President Donald Trump met Monday with members of Stand with Parkland, a group of families of victims of the 2018 school shooting at Marjory Stoneman Douglas High School, to discuss potential safety measures for the nation's schools, in a gathering that did not include Fred Guttenberg, a parent who was escorted out of the State of the Union address last week.
The Parkland, Florida, group, which focuses on public safety reforms to help prevent shootings, talked with the president about the School Safety Clearinghouse, a project backed by Sen. Marco Rubio, R-Fla., reports The Hill.
The victims' group determined the invitations depending on people who have been working on the clearinghouse, meaning some people, including Guttenberg, one of Trump's most outspoken critics on gun reform, were not invited.
Guttenberg, whose daughter, Jamie, was one of the students killed in the Feb. 14, 2018 mass shooting, and his family are not members of the Stand with Parkland group.
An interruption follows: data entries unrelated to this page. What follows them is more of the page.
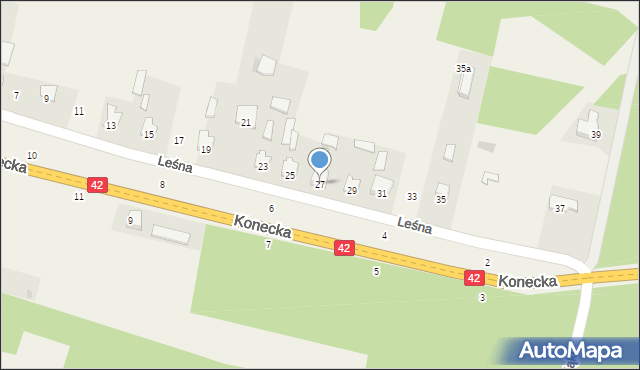 Nowe Sierosławice, Leśna, 27, mapa Nowe Sierosławice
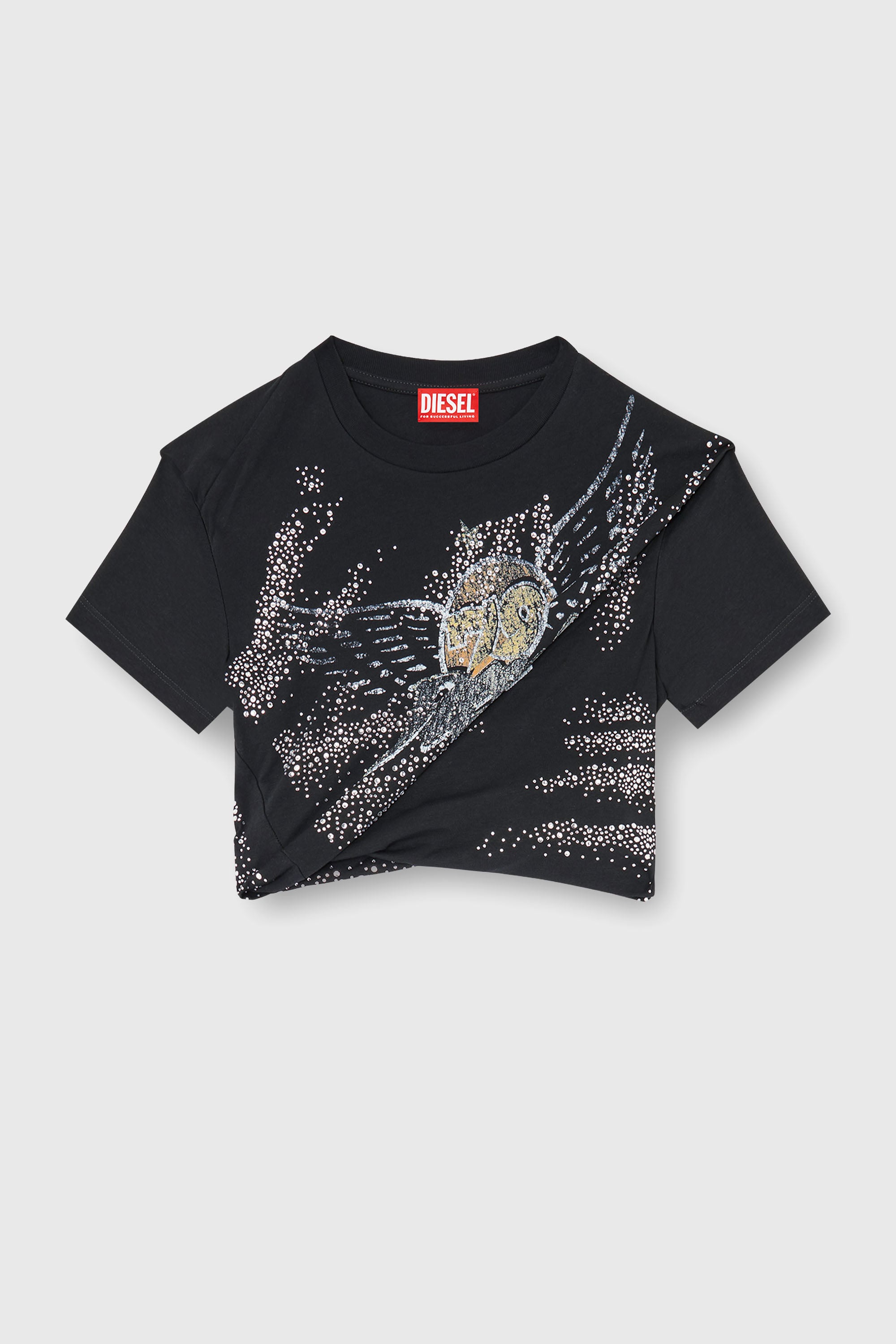 Diesel - T-WINCY, Damen Gerafftes T-Shirt aus doppellagigem Jersey in Schwarz - 2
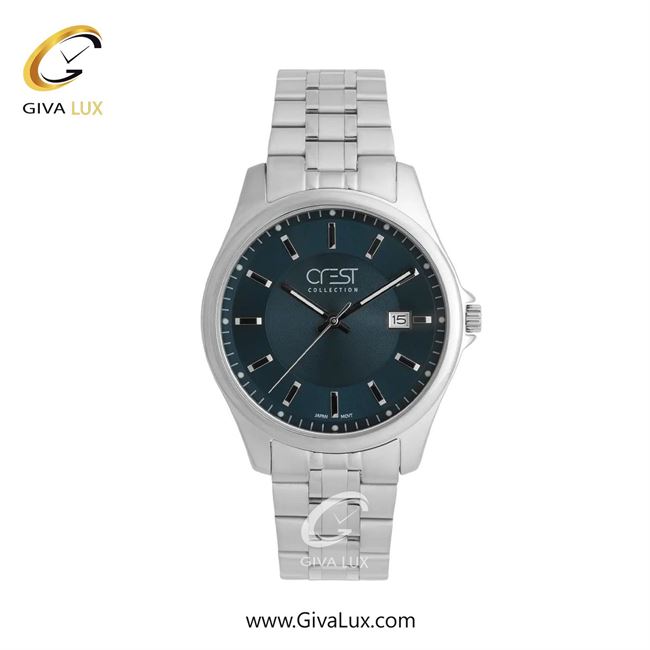 ساعت مچی اورجینال زنانه کرست نقره ای | نقره ای| سرمه ای| کد رفرنس Crest 9057-3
"I am proud of these Parkland families for their efforts on this," Guttenberg said on Twitter. "It appears that this is why they are meeting at the White House today. I wish the WH would have handled the public announcement differently, however, these families are to be commended."
Last week, escorts removed Guttenberg from the Trump's State of the Union address after he yelled at the president after he promised to protect the Second Amendment.
He has since apologized on Twitter for the outburst. House Speaker Nancy Pelosi, D-Calif., invited Guttenberg as her guest at the speech.
Immediately after the Parkland shootings, Trump said he would support a possible age requirement on purchasing firearms and stronger background checks, but instead he released proposals to "harden" schools.
He also had said he would support stricter background checks after back-to-back shootings in El Paso, Texas, and in Dayton, Ohio, but the issue faded away during the impeachment proceedings, notes The Hill.